Problem to work on
Look through the entries below for the line with "فرن غاز كبير" and the line with "Mark Zuckerberg departs", then give again exactly those two lines and all lines between them, minus the pictures.

Captioned web images:
------------------------------------------------
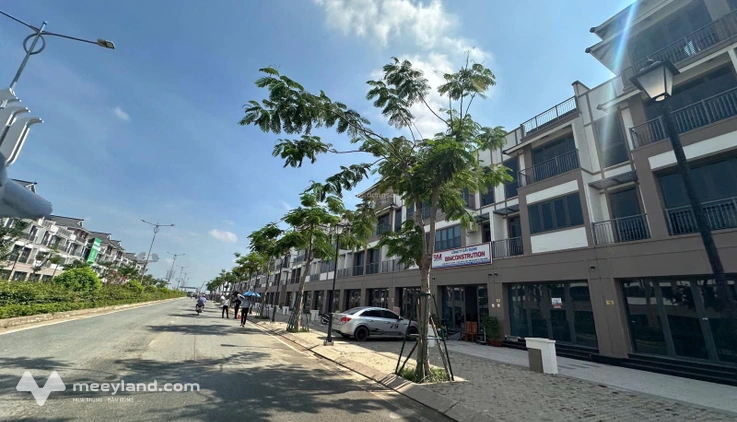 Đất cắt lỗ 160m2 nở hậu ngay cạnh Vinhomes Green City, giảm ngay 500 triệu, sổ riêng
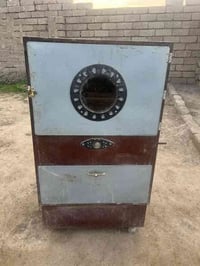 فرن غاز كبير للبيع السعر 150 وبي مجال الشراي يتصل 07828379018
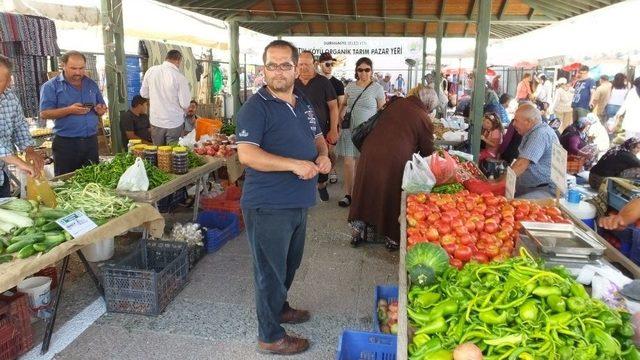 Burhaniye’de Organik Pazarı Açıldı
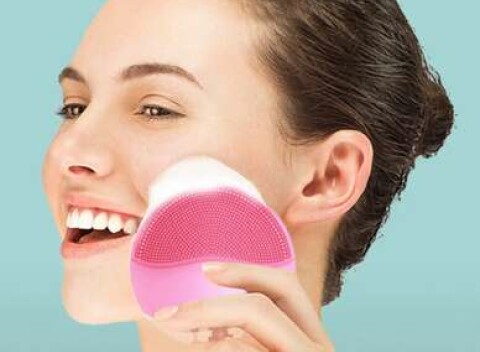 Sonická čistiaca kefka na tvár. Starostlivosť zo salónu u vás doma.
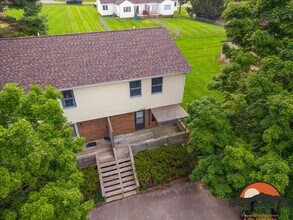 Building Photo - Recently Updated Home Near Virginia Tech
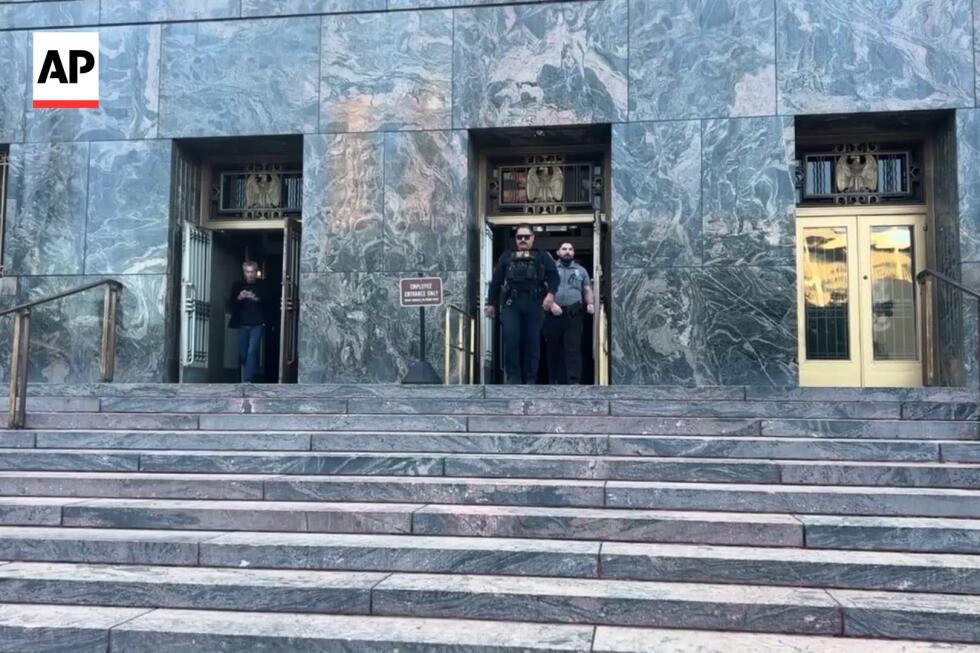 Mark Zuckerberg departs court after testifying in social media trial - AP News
------------------------------------------------
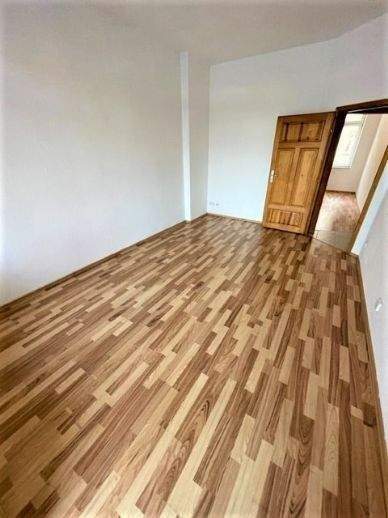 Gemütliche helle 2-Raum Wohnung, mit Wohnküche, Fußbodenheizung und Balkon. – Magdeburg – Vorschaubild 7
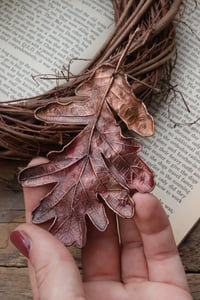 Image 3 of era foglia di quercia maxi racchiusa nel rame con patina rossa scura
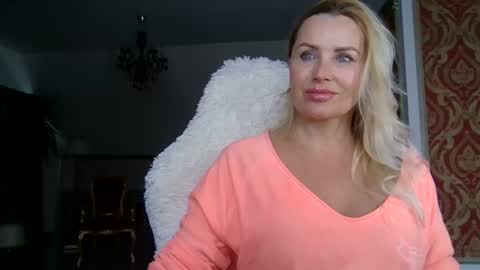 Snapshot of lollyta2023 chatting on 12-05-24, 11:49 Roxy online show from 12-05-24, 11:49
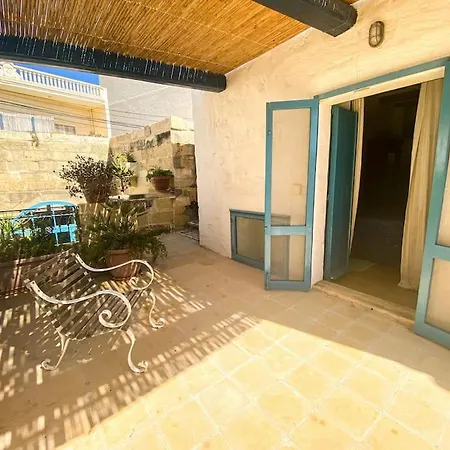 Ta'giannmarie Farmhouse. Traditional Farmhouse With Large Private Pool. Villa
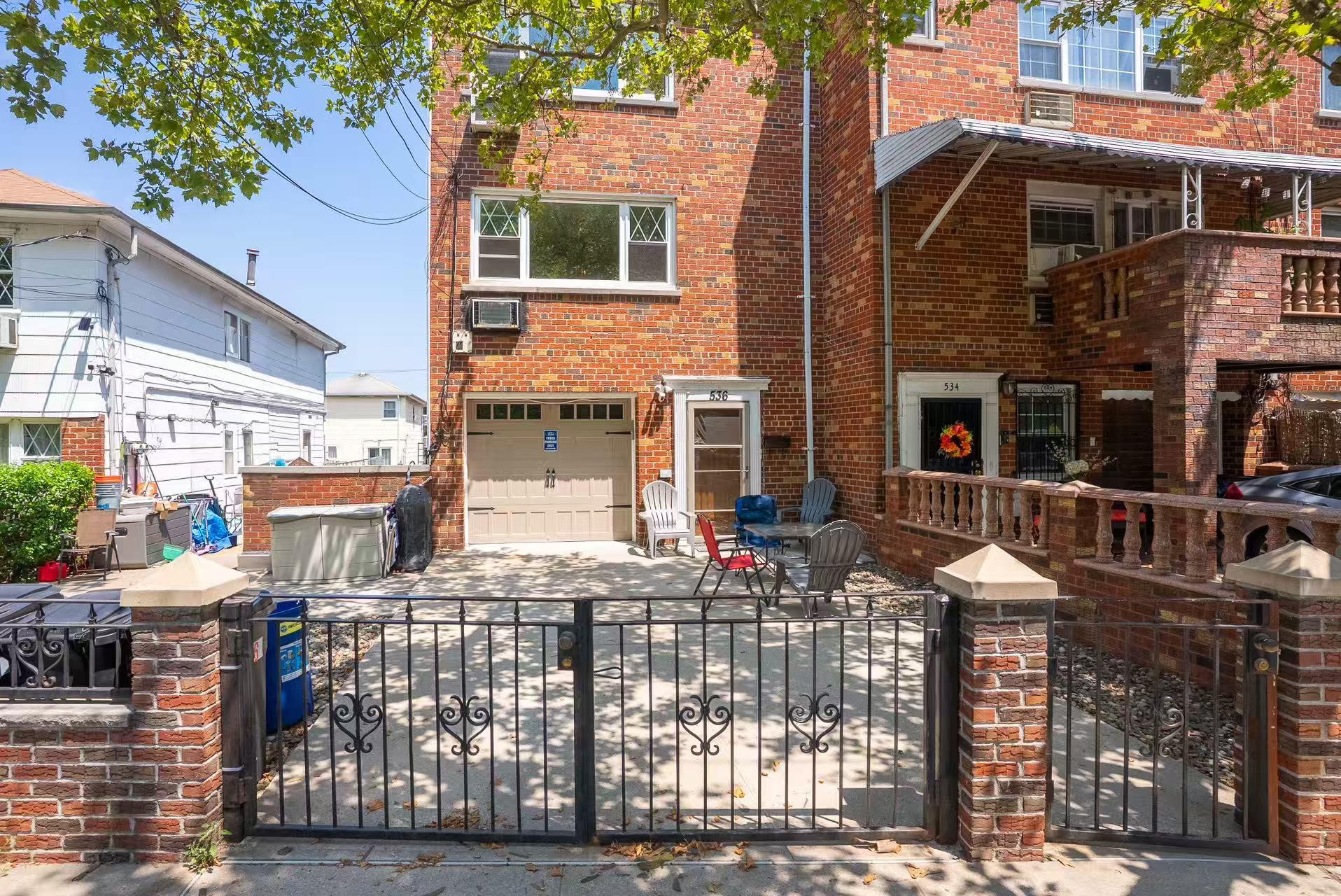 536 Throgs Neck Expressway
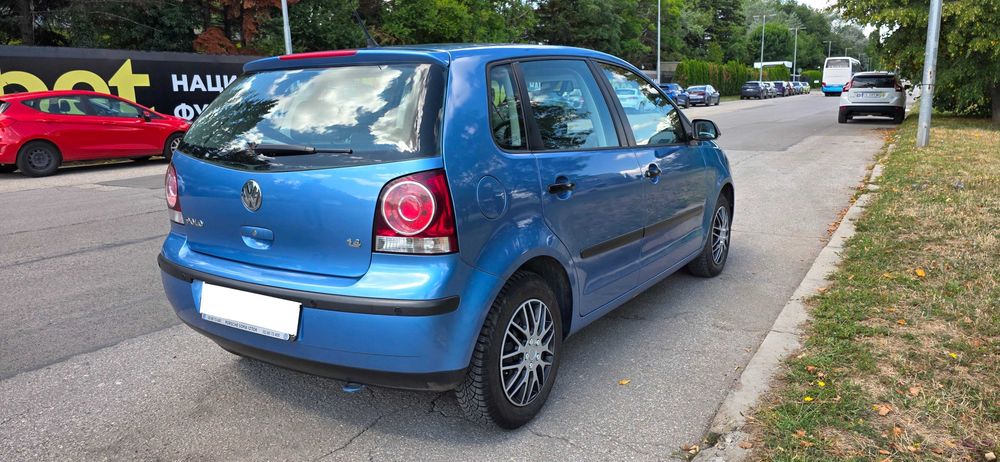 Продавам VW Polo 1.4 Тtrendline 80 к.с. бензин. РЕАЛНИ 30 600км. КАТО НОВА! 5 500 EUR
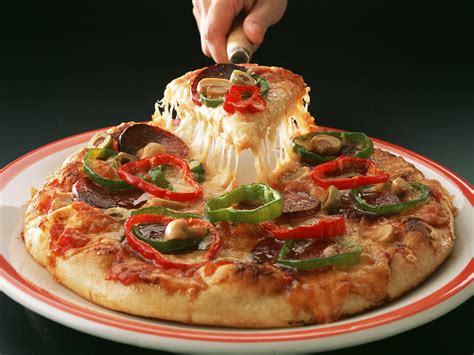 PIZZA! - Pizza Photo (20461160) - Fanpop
------------------------------------------------
Task response
 فرن غاز كبير للبيع السعر 150 وبي مجال الشراي يتصل 07828379018
 Burhaniye’de Organik Pazarı Açıldı
 Sonická čistiaca kefka na tvár. Starostlivosť zo salónu u vás doma.
 Building Photo - Recently Updated Home Near Virginia Tech
 Mark Zuckerberg departs court after testifying in social media trial - AP News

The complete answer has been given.